↑の文章を読み終えて

前半は見事としか言いようのない切れ味とスピード感だったけど、後半はずいぶんと乱暴すぎやしないかと思った。これも雑誌の中身を読めば変わるのだろうか。

私たちが自らの生成変化の歴史を捉えるための歌。それは現在、人間を生き延びる感情を生み出し、維持し、共有するための情報技術として志向されうる。この歌はソフトウェアであり、プラットフォームであり、メディアである。これは観念と覚念の狭間で探し出されるものではなく、作り出されるものだ。

私たちが上意下達の管理や資本市場の慣性といったマクロな人為に抗いながらいきるための歌は、アルゴリズムによって奏でられる。それは諸個人が自らの構成素のミクロな遷移に気づき、行動にフィードバックを起こし、身体と思考と感覚とがデータと乖離することなくひとつの作動システムを構成することを助ける譜面や楽器としてのアルゴリズムである。この情報系としての感念なくして、諸個人の政治は開始しないことも想起しよう。
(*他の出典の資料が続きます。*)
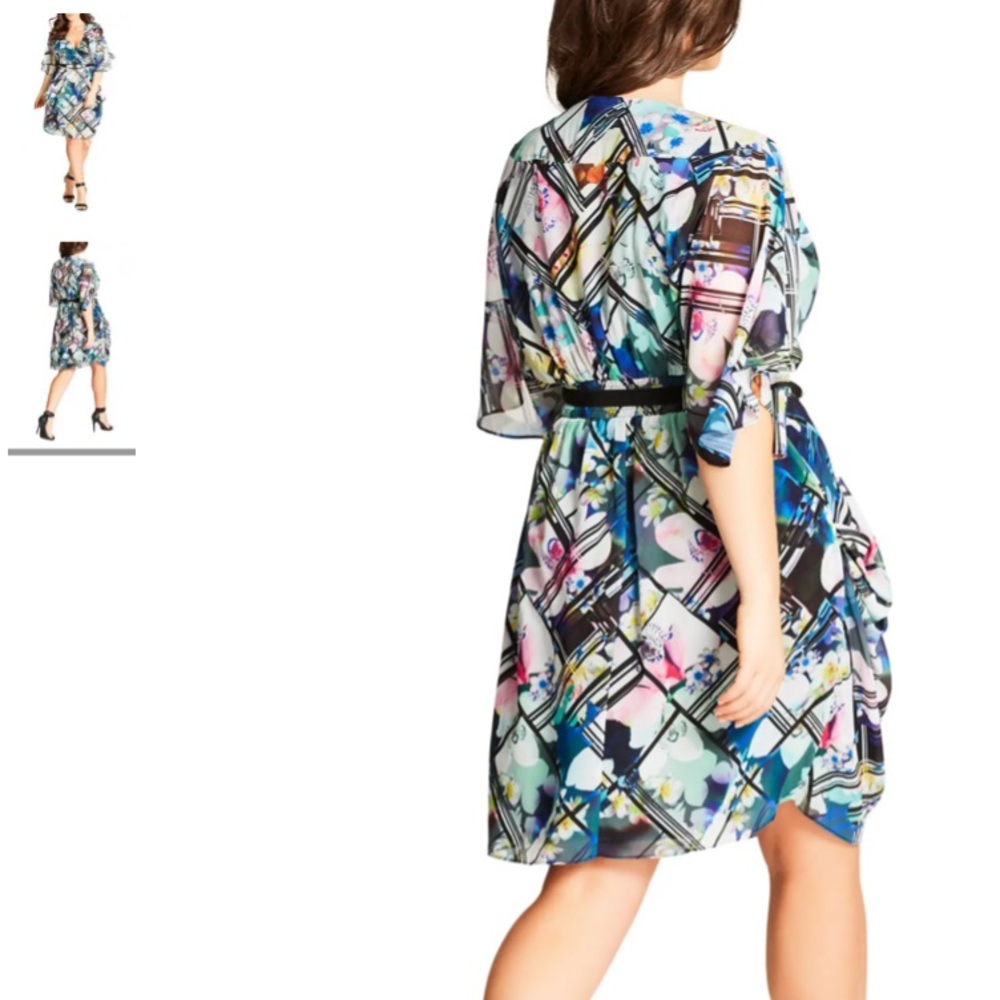 Orchid Wrap Dress by City Chic - Picture 2 of 4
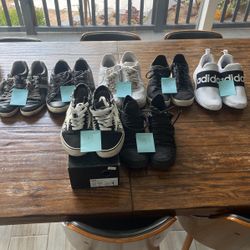 7 Assorted Boys Shoes - Nike (Air Force 1), Adidas, Vans, Steve Madden And Skechers Via 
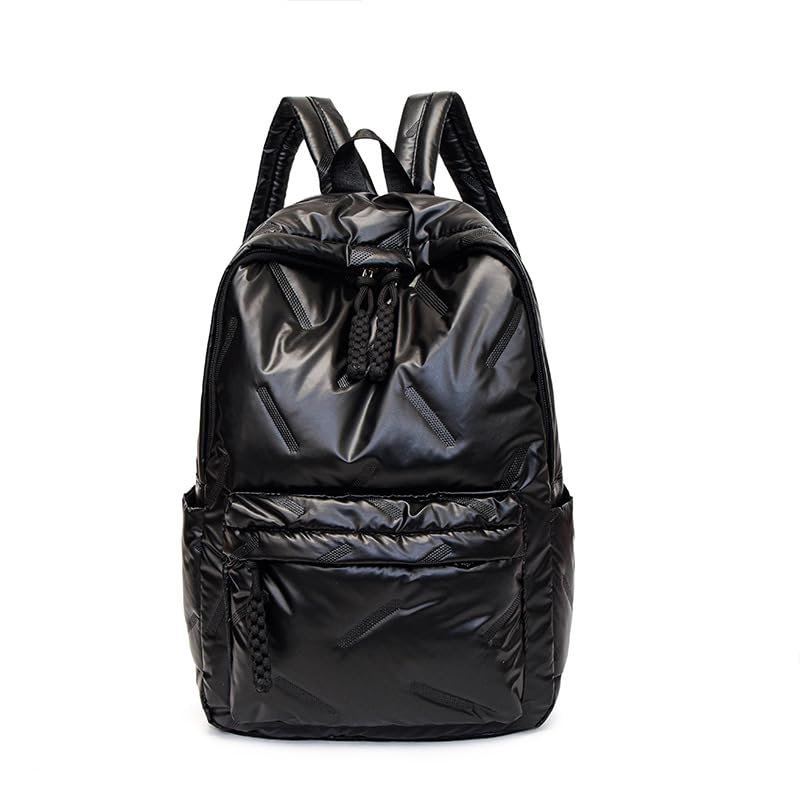 HOKMAH Linda mochila acolchoada para mulheres, bolsa de ombro moderna e acolchoada para laptop, mochila de viagem Y2k, Preto, Medium, Mochila fofa para mulheres puffy Daypack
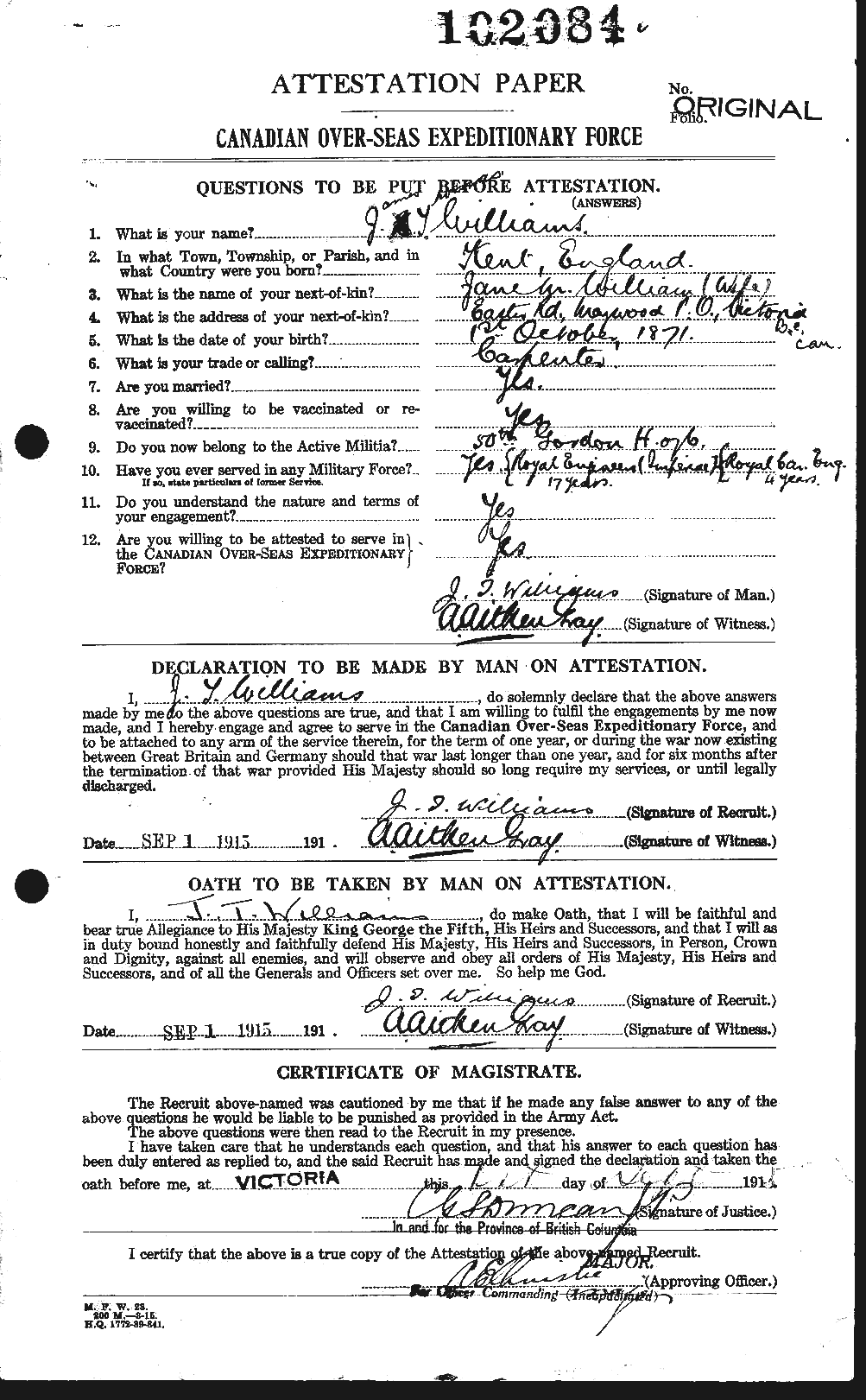 Dossiers du Personnel de la Première Guerre mondiale - CEC 677561a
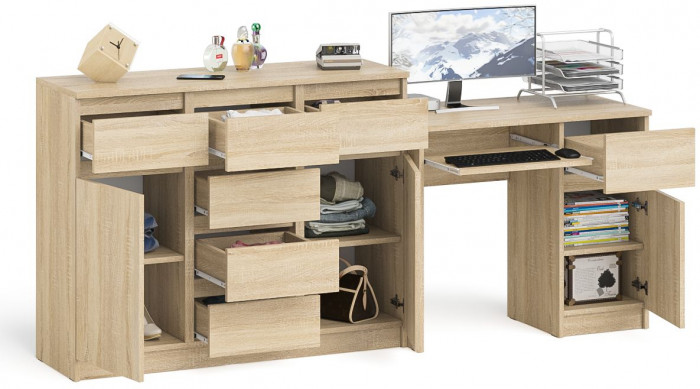 Мори компьютерный стол МС-1 правый + Комод МК1200.4, дуб сонома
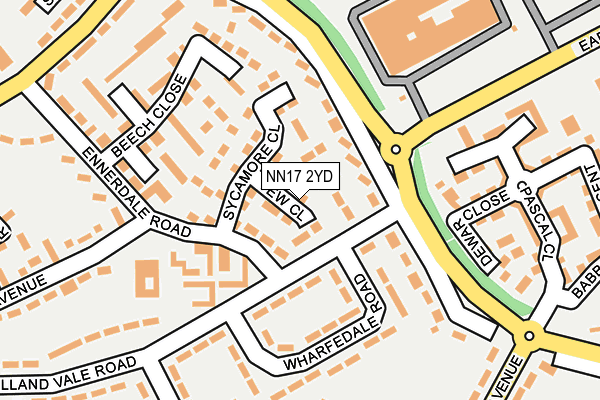 NN17 2YD map - OS OpenMap – Local (Ordnance Survey)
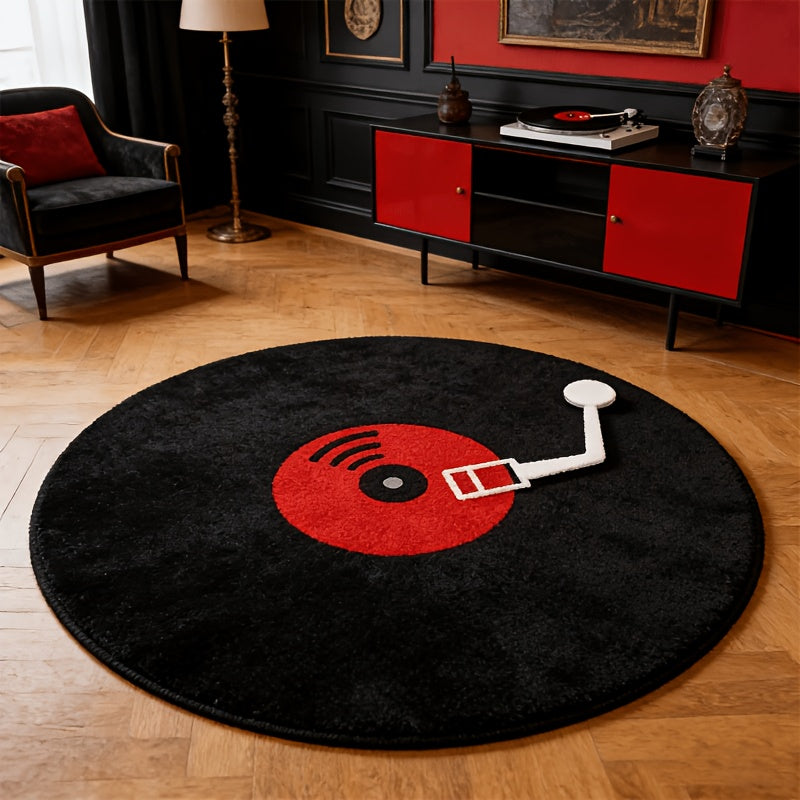 Tapis rond noir imprimé disque vinyle, Ø 80, 120 ou 150 cm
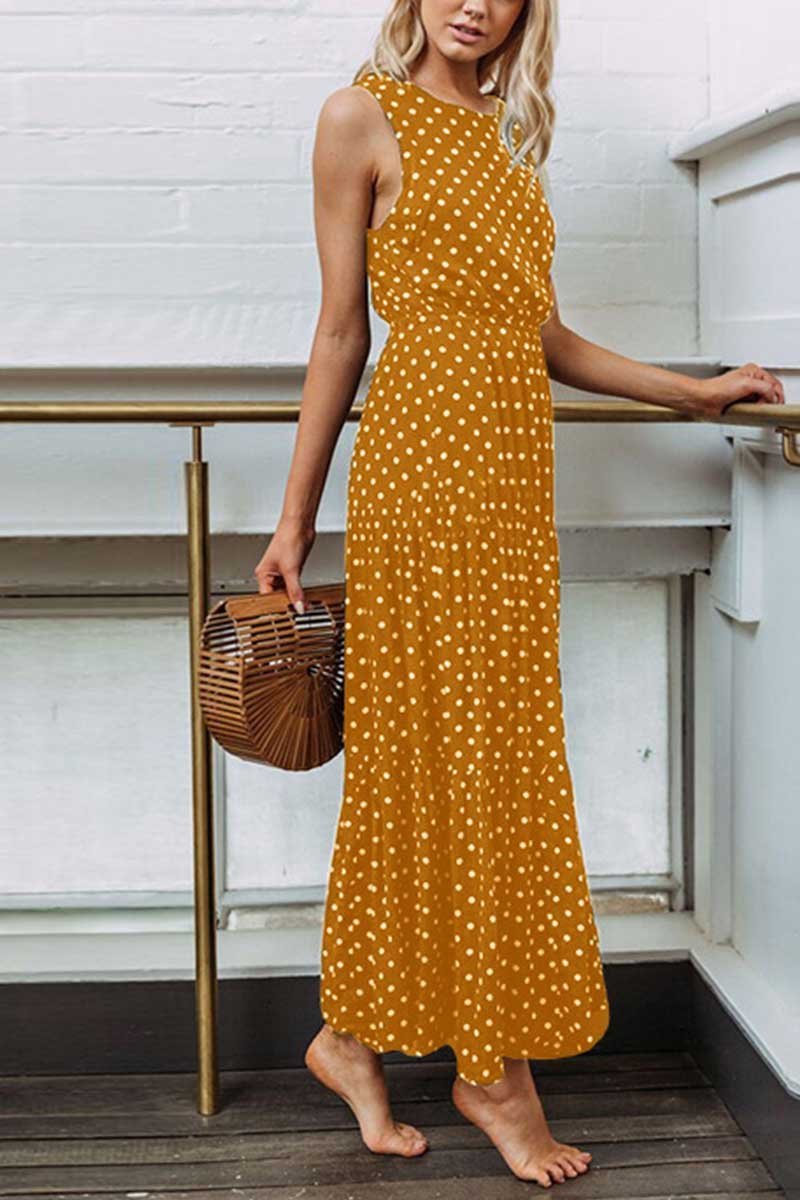 Polka Dot Waist Maxi Dress(2 Colors)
「譜面や楽器としてのアルゴリズム」というのがいまいちよくわからない。これがわからないので、「マクロな人為に抗いながらいきるための歌」というものについてチェン氏がどう考えているのかが急にわからなくなってしまう。
私の場合、「身体と思考と感覚とがデータと乖離することなくひとつの作動システムを構成する」ことがずっとどうしても難しく思ってきた。そして「上意下達の管理や資本市場の慣性といったマクロな人為」というのは、私に及ぼしたように、(おそらくチェン氏のいう)アルゴリズムを生成しづらく、そして生成するはしから破壊しようとするものではないのだろうか。それに抗ってひとはいかにしてその「アルゴリズム」を形成しうるのだろうか。